Иностранная литература №03/2011 - страница 20



А вот поэты – совсем другое дело. В начало жизнеописания Уильяма Блейка неизвестный автор вставил такое его стихотворение:

В полях был сладок мой удел,
Беспечна юности заря —
Но князь любви меня узрел,
В сиянье солнечном паря.
Венчал лилейной белизной,
Убрал чело румянцем роз
И показал мне рай земной,
Где сад утех златых возрос.
Мне май росой смочил крыла,
А Феб разжег восторгов пыл —
Но сеть из шелка вкруг легла,
И клетки блеск зарю затмил.
Пою пред княжеским столом,
Охотно мной играет князь —
Злаченым тешится крылом,
Над рабством горестным смеясь.

По-видимому, Блейк написал его лет в тринадцать. Для меня оно стало настоящим талисманом, возвращавшим снова и снова то колдовское опьянение, ту сладкую печаль, что остается от самого прекрасного из снов, который и рассказывать никому не рискуешь, чтобы не исказить в памяти. Я полюбил эти стихи, не успев еще толком в них разобраться. Сюжет тут не играл особой роли. Кто-то крылатый, угодивший в клетку, цветущие сады, князь – вот и все, что я понял. Чары заключались в звучании слов, в рисунке рифм, в самой загадочности фраз: если бы кто-нибудь стал услужливо объяснять мне, что “Феб разжег восторгов пыл” означает просто-напросто “солнечный свет пробудил желание петь”, я послал бы такого “переводчика” подальше, не желая расставаться с волшебной таинственностью. Проникнуть в смысл я хотел сам, без неуклюжей помощи великовозрастных зануд.

Так или иначе, в книге “Сто великих жизней” была добротная биография Уильяма Блейка на целых восемь страниц и репродукция великолепного портрета кисти Томаса Филипса из Национальной портретной галереи в Лондоне. Меня очаровали не только стихи, но и облик самого поэта: пожилой человек с большими темными сверкающими глазами сидит с карандашом в руке, полуобернувшись и обратив вверх уверенный взгляд, полный ожидания. Он выглядит вполне добродушным, но явно занят чем-то важным и не станет тратить время на разговор с ребенком, если тот не может сообщить ничего интересного. Мне не нравилось, когда взрослые слишком тянулись к детям: у взрослых должны быть свои собственные дела. Ясно, что у этого человека такие дела есть, серьезные и достойные уважения, так что восхищаться им я готов был без колебаний.

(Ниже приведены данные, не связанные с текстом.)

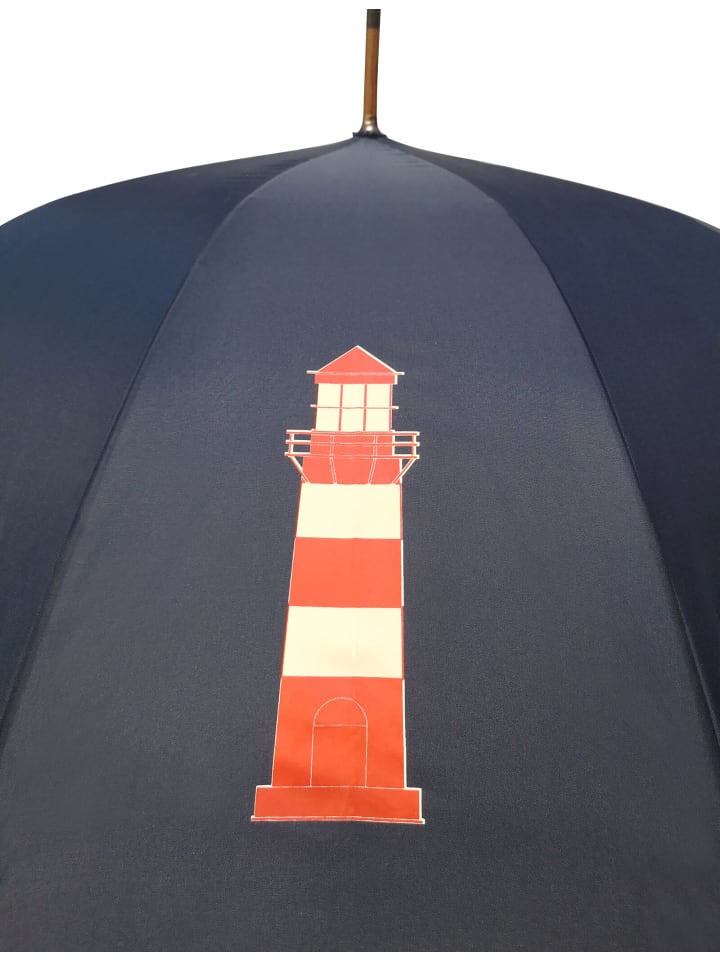 COFI 1453 Holzstockschirm  in Blau Leuchtturmmotiv in Blau günstig kaufen 116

Других стихов Блейка я не читал, пока не встретил его имени у Аллена Гинзберга, но как только догадался, кто имелся в виду, поспешил наверстать упущенное и купил карманное издание в бумажной обложке, единственное, которое смог найти. Сборник был выпущен издательством “Dell” – цена, 35 центов, стояла на обложке, – что лишний раз напоминало об американце Гинзберге. Не помню, где именно я купил эту книгу, вот она, лежит рядом на столе, когда я пишу эти строки. Дешевая бумага уже пожелтела, корешок переплета потрескался, но этот сборничек всегда будет мне дорог – я не расставался с ним на протяжении нескольких лет. Книга была у меня в кармане и в тот вечер в Сохо, в один из моих редких и волнующих визитов в Лондон, когда я чуть не шагнул под мчащийся автомобиль, не заметив его из-за темных очков – я полагал, что похож в них на Нила, Джека или Карла. К счастью, водитель оказался рассудительнее меня.

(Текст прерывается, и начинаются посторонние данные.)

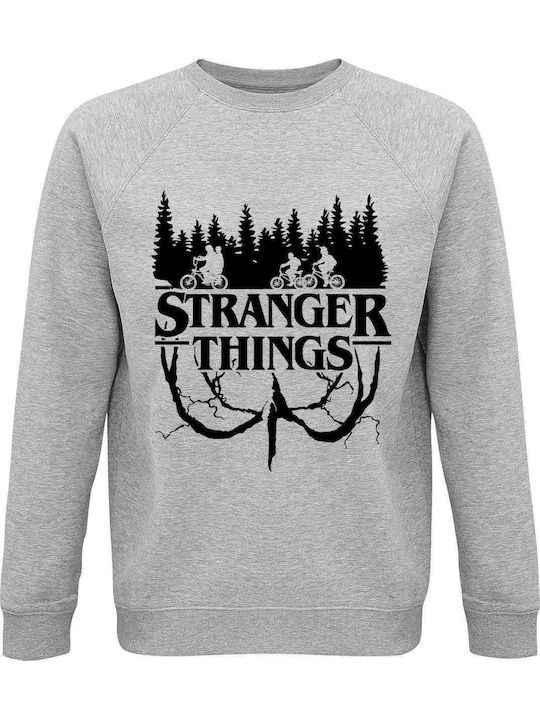 Sweatshirt Unisex, Organic "Stranger Things", Grey Melange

Помимо карманного сборника, у меня появилось полное собрание “Поэзии и прозы Уильяма Блейка” – это был школьный приз. Мне снова позволили выбирать, и я попросил издание “Nonesuch Library” под редакцией Джеффри Кейнса. Оно тоже по сей день у меня, лежит под рукой. С этой самой книгой я поднялся по длинной лестнице на башню оксфордского Эксетер-колледжа в комнату своего куратора, чтобы зачитать ему свое первое эссе на свободную тему – конечно же, о Блейке! Не помню уже ни слова из того эссе, не помню и стихи, которые разбирал. Едва ли, впрочем, я выбрал “Ах, подсолнух”, потому что не знал бы, что сказать. Пожалуй, не знаю и по сей день. Чаще всего я просто читаю его вслух – только так есть надежда хоть отчасти проникнуть в тайны этих строк.